- _Task requirements_: Print exactly, and only, the lines from the one that has "Kia e-Soul ExecutiveLine" through the end of the material below, with both ends included and the pictures omitted.
** Opening Information supplied block **
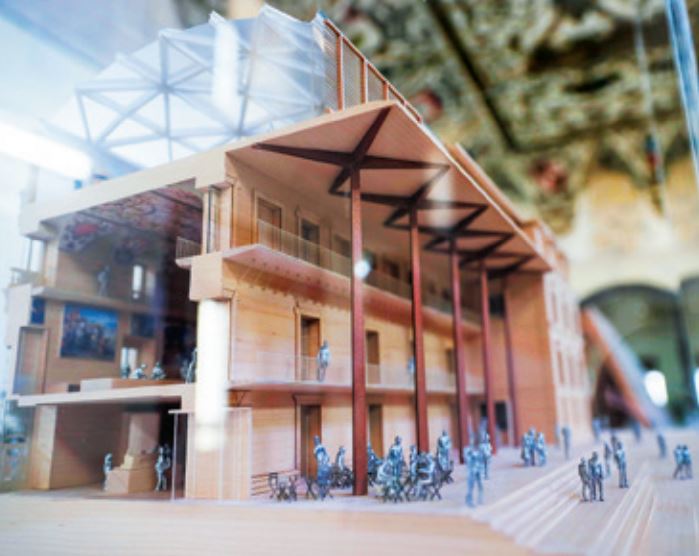 Ματιές στον κόσμο-2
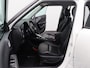 Kia e-Soul ExecutiveLine 64 kWh | Cargo | Stoel Stuur Verwarming | Stoel Ventilatie | Premium Audio | Elek. Stoelen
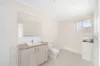 86 Tempest Circuit, Redbank Plains, Qld 4301-Image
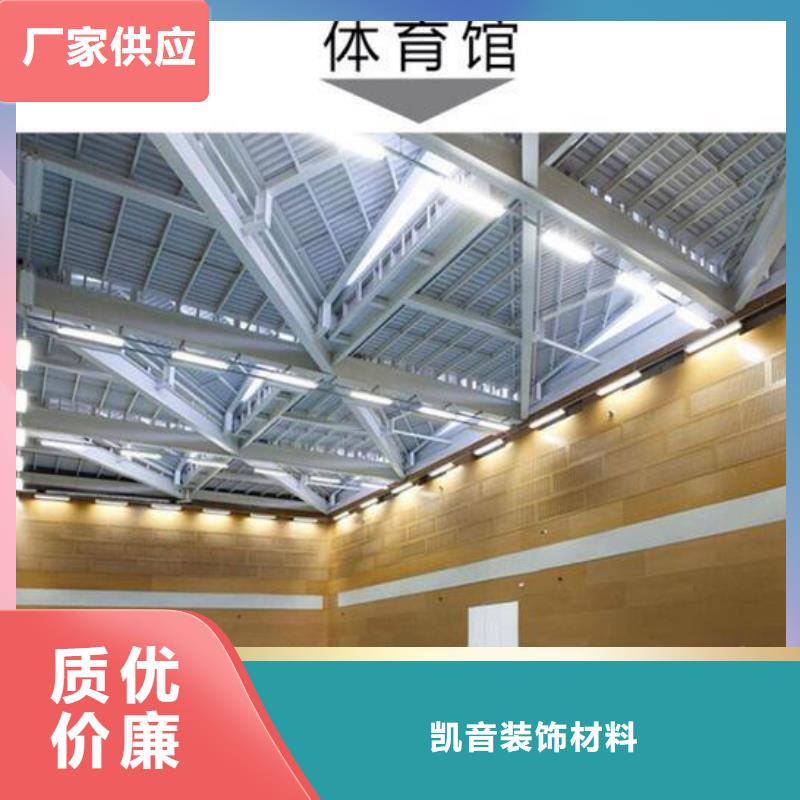 蒙阴县羽毛球馆体育馆声学改造价格--2024最近方案/价格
** Closing Information supplied block **
- _Task solution_:
 Kia e-Soul ExecutiveLine 64 kWh | Cargo | Stoel Stuur Verwarming | Stoel Ventilatie | Premium Audio | Elek. Stoelen
 86 Tempest Circuit, Redbank Plains, Qld 4301-Image
 蒙阴县羽毛球馆体育馆声学改造价格--2024最近方案/价格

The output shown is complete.